Justice Department quickly announced an appeal Monday evening, hoping to delay the decision, though a similar attempt in a previous illegal immigrant-abortion case failed.
In this latest case, Judge Tanya Chutkan ordered the Health and Human Services Department to transport the girls to an abortion facility, told them not to tell anyone else about the abortions, and ordered them not to retaliate against the girls for their decision.
The judge said she was acting to preserve the girls’ “constitutional right to decide whether to carry their pregnancies to term — including their right to change their minds regarding the same.”
The ruling is the latest in an ongoing battle between immigrant-rights and abortion-rights groups on the one hand, and the Trump administration and GOP-led states on the other.
The girls, identified as Joe Roe and Jane Poe in court documents, are 17 years old.
They were caught trying to sneak across the border and are being held as Unaccompanied Alien Children (UAC), which means they are in government-run shelters until they can be connected with sponsors.
The girls, both pregnant, have asked for abortions.
But the Trump administration says facilitating an abortion would mean spending federal taxpayers’ money to transport them and provide follow-up care — both of which, the government says, would violate federal laws that generally prevent taxpayers’ money from going to abortions.
Judge Chutkan ruled in a case earlier this year in favor of another 17-year-old girl, identified as Jane Doe. A federal appeals court initially blocked Judge Chutkan’s decision in that case, though the full court overruled the panel and allowed the abortion to proceed.
The Trump administration has since asked the Supreme Court to hear the case, saying the appeals court’s ruling cannot be allowed to stand because of the precedent it sets.
On Monday the Justice Department asked the Supreme Court to step into the latest controversy as well, with a request to halt Judge Chutkan’s decision.
“This case concerns the question whether the government must facilitate an abortion procedure that is not necessary to preserve the life or health of an unaccompanied minor who unlawfully entered the country and thus is in the government’s custody. The answer to that question is no,” Solicitor General Noel J. Francisco wrote in the new request.
The Trump administration argues that if the girls are able to find sponsors willing to take them in as guardians, they will be able to make their own decisions. But while they are in the care of the government, officials are inherently involved in the decision, and under the law cannot facilitate an elective abortion.

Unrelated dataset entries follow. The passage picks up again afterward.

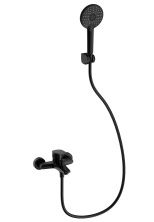 Смеситель для ванны с душем WONZON & WOGHAND, Черный матовый (WW-A30891-MB)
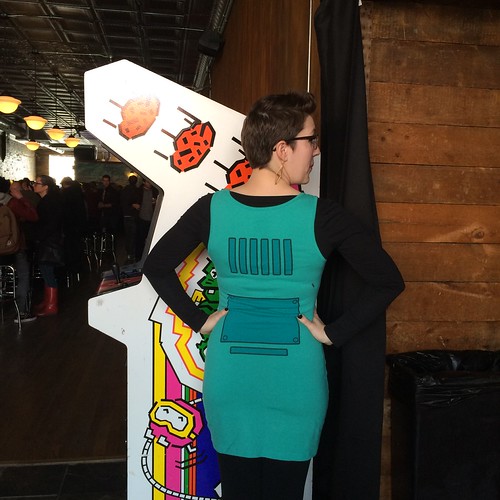 Back of the Bmo dress. Wow! Does that count as two entries? Hope not. She only won once.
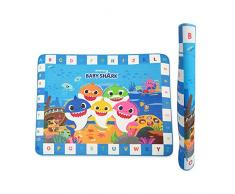 ODS 48801 BABY SHARK Tappetone gioco e arredo, dimensione aperto 150x120 cm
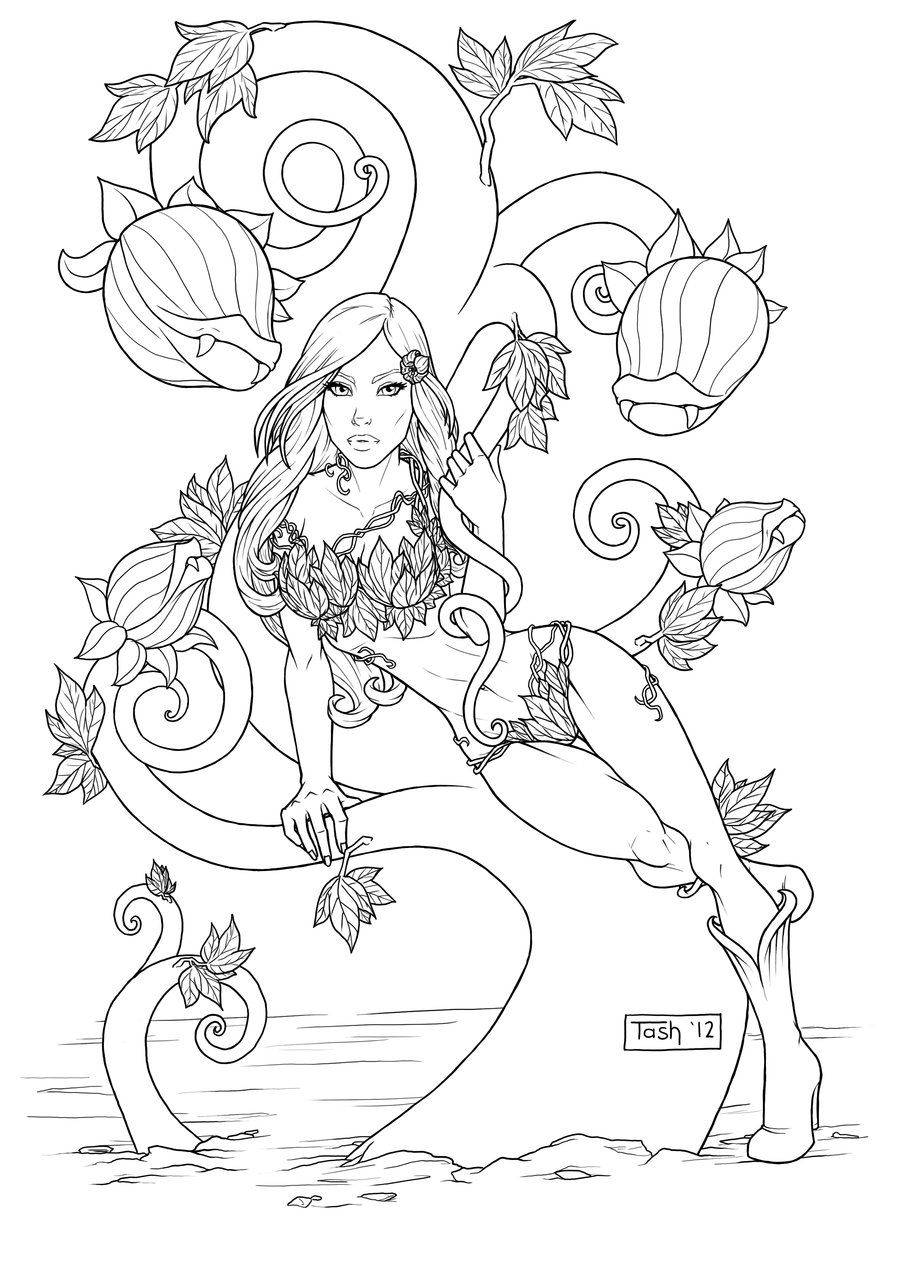 900x1261 Poison Ivy By Tash Otoole @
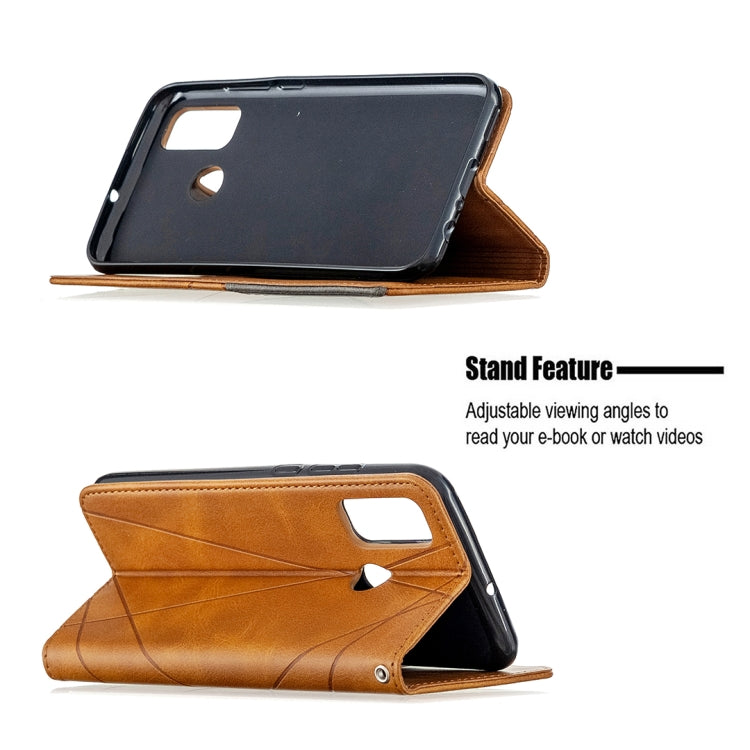 For Huawei P smart 2020 Rhombus Texture Horizontal Flip Magnetic Leather Case with Holder & Card Slots & Wallet
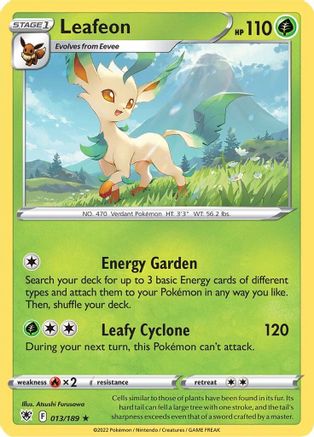 Leafeon (013/189) [SWSH10 Astral Radiance] - Rare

Mr. Francisco said the government is trying to find a sponsor, but needs more time.
The state of Texas, which fought against the original abortion of Jane Doe, who was in a Texas-based shelter, is leading a coalition of states backing the Trump administration’s position in the Supreme Court.
“Unlawfully-present aliens with no substantial ties to this country do not have a constitutional right to abortion on demand,” Texas Attorney General Paxton said Monday, after filing briefs in the case over the weekend.
“Texas must not become a sanctuary state for abortions. If the plaintiffs in this case prevail, there will be no meaningful limit on the constitutional rights an unlawfully present alien can invoke simply by attempting to enter the U.S. illegally,” Mr. Paxton said.